Colorado’s largest buildings will have to follow a carbon consumption diet plan to cut state greenhouse gas emissions, with the Air Quality Control Commission passing the controversial regulations over days of intense opposition testimony from property managers. 

State air and clean energy officials said they tried to accommodate objections that efficiency modifications had premature deadlines, would cost too much, and may not achieve the targeted emissions cuts. But in the end, the commission late Thursday approved the basic plan requiring 8,000 Colorado buildings to slash carbon emissions 7% by 2026, and 20% by 2030

Regulation 28 applies to apartments, office and industrial buildings over 50,000 square feet, and fulfills 2021 legislation that called for Colorado’s building sector to share in the carbon cuts demanded from other major polluters such as transportation, utilities and oil and gas drilling. Colorado regulators say large buildings are one of the five highest categories of commerce contributing to state greenhouse gas emissions, which must be trimmed overall by 50% by 2030, from a 2005 benchmark. 

“Reducing pollution from large buildings is essential to meet our greenhouse gas pollution reduction targets and ensure that the state’s existing buildings are ready for Colorado’s clean energy future,” Colorado Energy Office Executive Director Will Toor said after the measure passed. “Today’s investments to improve building energy efficiency and reduce building energy use will save Coloradans money on energy costs and improve Colorado’s air quality for decades to come.”

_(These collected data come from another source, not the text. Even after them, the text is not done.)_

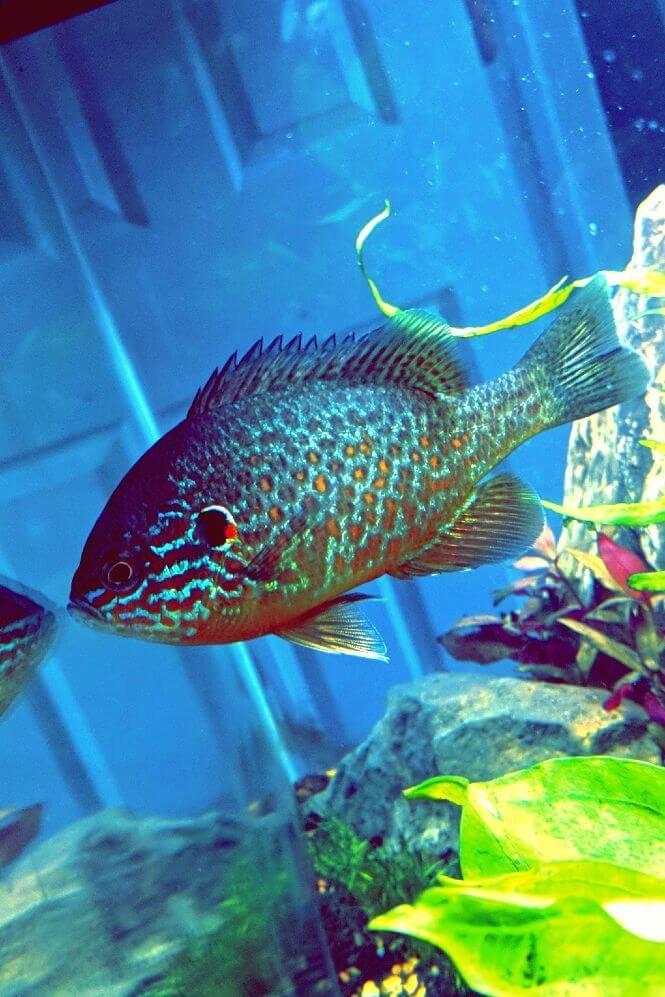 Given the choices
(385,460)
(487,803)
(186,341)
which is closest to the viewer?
(487,803)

Owners and managers of large buildings have been conducting energy use audits and greenhouse gas emission inventories and filing them with the state. They must now plan upgrades that will lower emissions from those initial benchmarks. 

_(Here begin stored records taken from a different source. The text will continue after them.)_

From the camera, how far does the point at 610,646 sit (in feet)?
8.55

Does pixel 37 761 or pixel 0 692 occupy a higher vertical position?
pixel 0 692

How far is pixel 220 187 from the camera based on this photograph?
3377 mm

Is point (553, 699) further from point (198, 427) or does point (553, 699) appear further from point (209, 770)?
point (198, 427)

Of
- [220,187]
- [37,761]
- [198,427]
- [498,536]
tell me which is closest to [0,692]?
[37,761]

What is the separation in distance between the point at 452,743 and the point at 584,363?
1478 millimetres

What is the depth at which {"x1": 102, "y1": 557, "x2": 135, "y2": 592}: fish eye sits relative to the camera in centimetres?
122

Landlords can cut the emissions they are responsible for through insulated windows, thickening walls, replacing furnaces and other appliances with efficient models running on clean electricity, and other measures. Under the state law and the new rules, the gains must be separate from requirements that Colorado’s utilities deliver cleaner power to their doorstep, and not double-count those emissions cuts. 

A 16-story residential project is seen under construction on Wynkoop and 36th St. in downtown Denver. (Olivia Sun, The Colorado Sun via Report for America)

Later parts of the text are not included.